Investigating the Capacity of Game-based Design Elements to Enhance Affective Dimensions of Genetics Learning (GeniGames)

Principal Investigator: 
Co-Investigator: 
Project Overview
Background & Purpose: 

The New York Hall of Science, in collaboration with the Concord Consortium, proposes an Empirical Research project in the research strand of STEM Learning in Formal and Informal Settings. We will study the extent to which adding game-based design elements to project-based science (PBS) curricula can improve students’ affect and learning. Such positive impact on students’ affect by PBS curricula has been theorized, in particular for students from ethnic and racial groups underrepresented in science and engineering careers, but this outcome has not been routinely observed. However, research in science classrooms has begun to show the potential of gaming to positively impact students’ affect. We have identified three game-based design elements that may mediate the positive impact of gaming on affect: narrative, conflict toward achieving a quantifiable goal, and a play community. We aim to empirically test the extent to which adding each of these game-based design elements to a PBS curriculum enhances students’ affect, while still supporting the gains in meaningful understanding that have been documented with PBS curricula, including for students from underrepresented groups. Students for whom we can improve both affect and learning may be predisposed to stay in the pipeline to science and engineering careers, thus addressing some of the National Academies’ recent recommendations for securing future U.S. prosperity.
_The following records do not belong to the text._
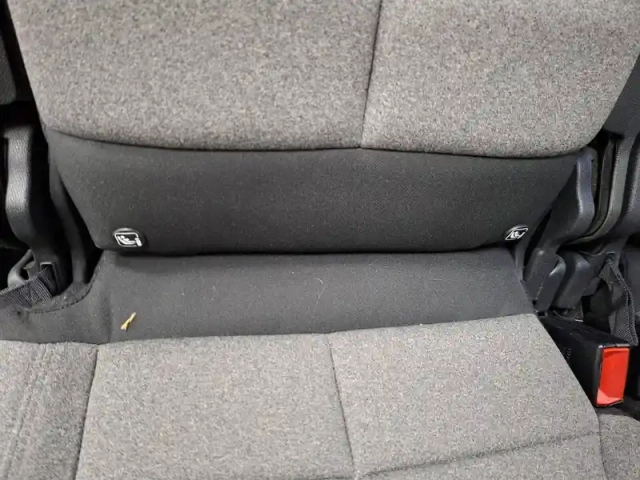 Citroën C5 Aircross hybride rechargeable 225 s&amp;s e-eat8 — photo 27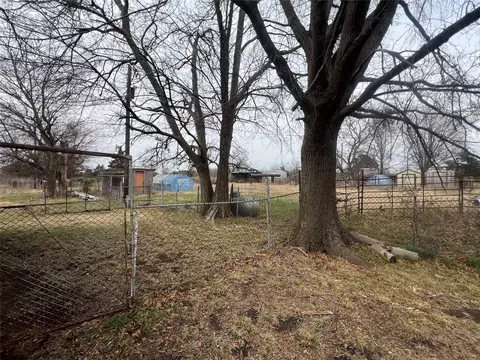 Exterior - 1655 E Fm 120, Denison, TX 75021 photo 8 of 9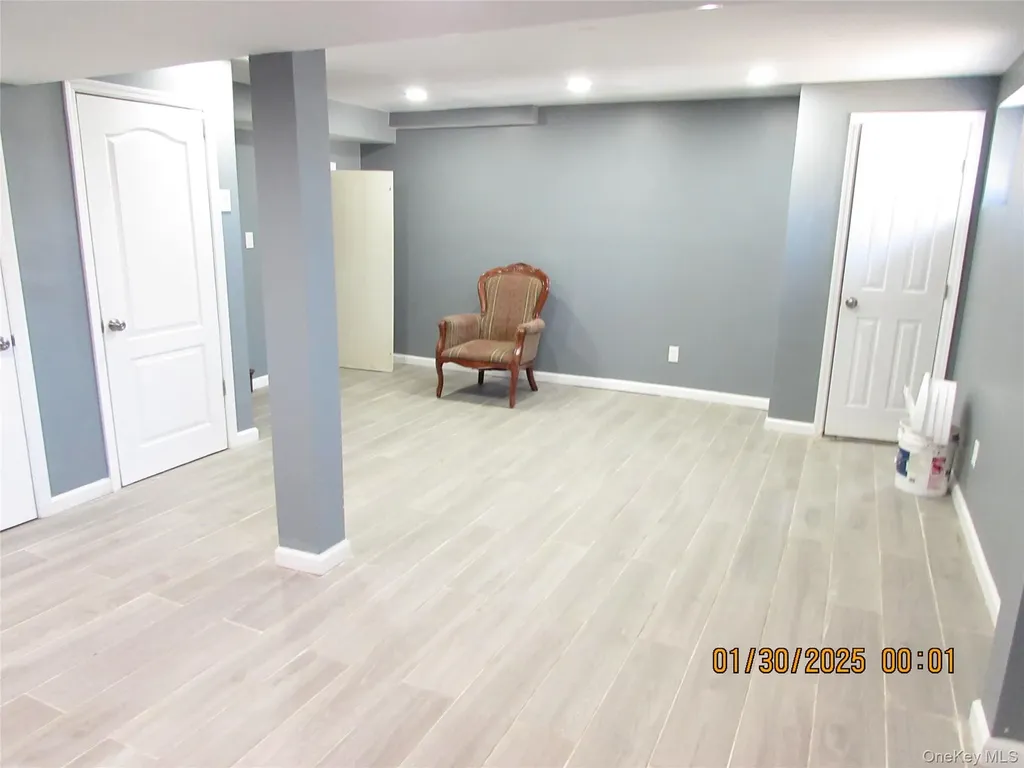 156 Candlewood Drive Yonkers NY 10710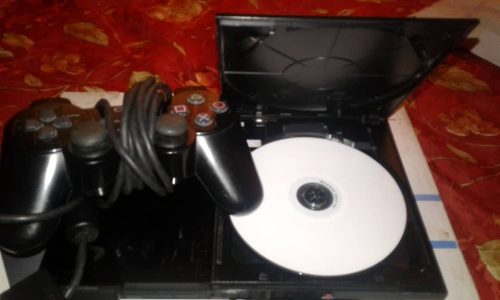 Playstation 2 Sony. En Buen Estado+un Control Y 5 Juegos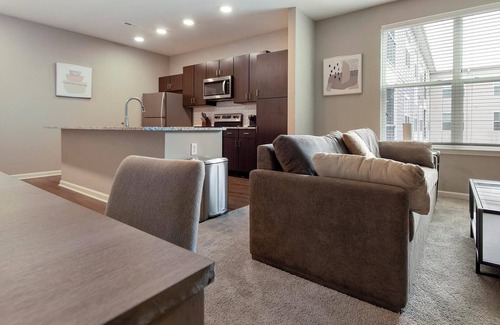 Chesterfield Apartment | Landing | Spectacular 1BD, Courtyard, Gym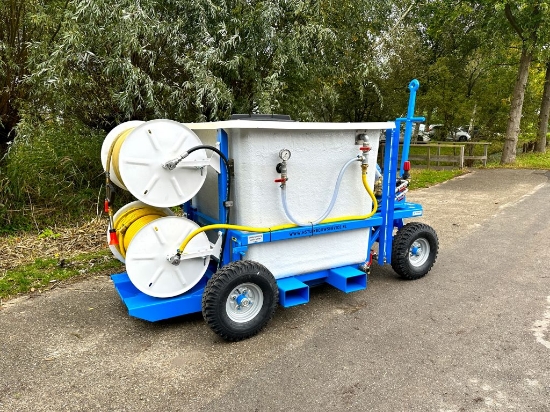 Afbeeldingen van Spuitwagen 1000K -Plunjerpomp GM5080 50l/min~80bar - 2x Handhaspel 600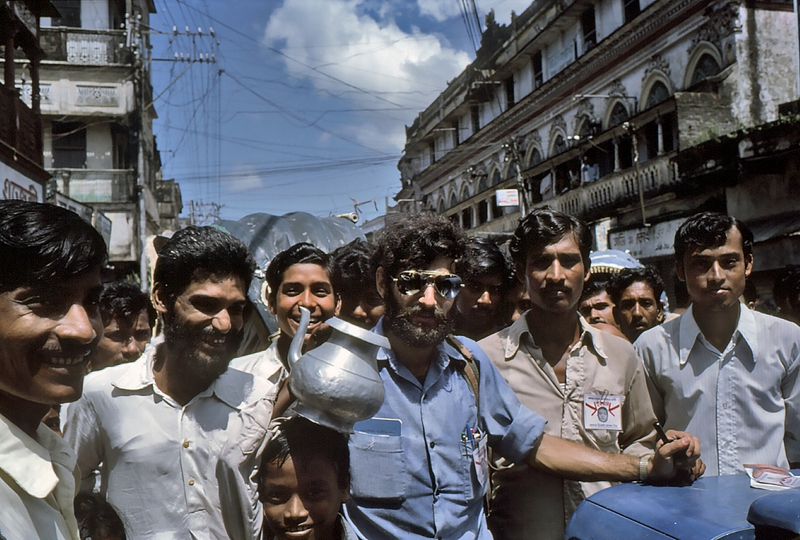 1975 Bangladesh. Central Dhaka. First search after coup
We will pursue this research study in the context of high school students learning genetics subject matter, building off of Concord Consortium’s well-studied Geniverse software that supports students learning genetics by breeding dragons.

Setting: 

New York City public high school classrooms where genetics subject matter is being taught (typically 9th grade) and at the New York Hall of Science, a hands-on science museum in Queens, NY.

Research Design: 

The project uses a cross-sectional and comparative research design and will generate evidence that is both associative [quasi-experimental] and causal [fixed-effect model and nested two-level regression analysis with students at first level and classrooms at second level].

The interventions used will be a genetics project based science (PBS) curriculum + narrative, PBS + narrative + conflict, and PBS + narrative + conflict + community as compared to a genetics PBS curriculum control. To address our research questions, we will measure changes in students’ affective and learning outcomes. Students will complete affect self-report surveys immediately preceding the instructional intervention in their classrooms. Students will do this for all of the specific affective constructs that are relevant to this study- motivation, engagement, attitudes, and plans- for which specific survey instruments have been identified from the literature. In addition, we will collect test results from students using genetics content assessments. Immediately following the completion of the instructional intervention, students will complete the same affective surveys and genetics assessments. We will also collect demographic information from all participating students: gender, race, ethnicity, socio-economic status in the form of free or reduced lunch status, and scores on standardized achievement tests.

We will conduct a nested two-level regression analysis (hierarchical linear modeling or HLM), with students at the first level of the model and classrooms at the second level. We will adjust the standard errors of the mean differences for clustering since students are nested within classes. Random assignment of classrooms will assure that the control and three experimental groups are similar on average in all characteristics. Our first model will address our first hypothesis about the size of shifts in motivation, engagement, attitudes, plans, and genetics achievement. Specifically, we aim to determine the value added by each game-based element on these outcomes of interest, and we will use the model to compare the change in outcomes between any two groups. To address our second hypothesis, determining for whom the game-based design elements work, we will build a second regression model that includes interaction effects for students’ membership in groups underrepresented in science and engineering careers (e.g., African American, Hispanic or Latino, American Indian, or female) to determine if the treatment effect is moderated by specific student characteristics.

Findings: 

Findings will be posted as they become available.

Other Products: 

Game-based PBS curriculum products will be generated in order to pursue our research questions.